Poll watchers are a longstanding feature of elections in Pennsylvania and around the country, and both major parties use them to guard against malfeasance. But in 2020 they became the subject of mass scrutiny as former President Donald Trump made multiple false or misleading claims about them.

His campaign also brought unsuccessful lawsuits arguing its watchers should be allowed in Philadelphia’s satellite mail ballot offices and allowed to serve in counties other than where they reside.

Trump’s complaints continued during the year’s protracted post-election ballot count, with a state judge at one point ordering Philadelphia to let poll watchers move closer to ballot counting locations.
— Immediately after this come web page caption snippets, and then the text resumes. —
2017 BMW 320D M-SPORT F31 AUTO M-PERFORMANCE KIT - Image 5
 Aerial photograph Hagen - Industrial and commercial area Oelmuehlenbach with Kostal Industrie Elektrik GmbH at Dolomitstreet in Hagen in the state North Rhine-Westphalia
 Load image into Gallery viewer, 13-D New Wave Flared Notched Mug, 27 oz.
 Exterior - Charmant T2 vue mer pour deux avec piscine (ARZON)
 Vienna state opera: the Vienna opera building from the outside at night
City officials objected, saying their election workers faced harassment as a result of the scrutiny and widespread confusion about what poll watchers are allowed to do.

Election directors broadly agree that poll watchers are crucial for improving confidence in the election process, but say that understanding the rules is imperative.

“Poll watching has value in ensuring that elections are being run fairly,” said Seth Bluestein, Philadelphia’s Republican city commissioner. “If people are going to be poll watchers, there’s a lot of benefits that can provide. That’s not to say the system can’t be abused.”

Here’s everything you need to know about poll watchers, what they can and can’t do, and how they will be used in the upcoming election.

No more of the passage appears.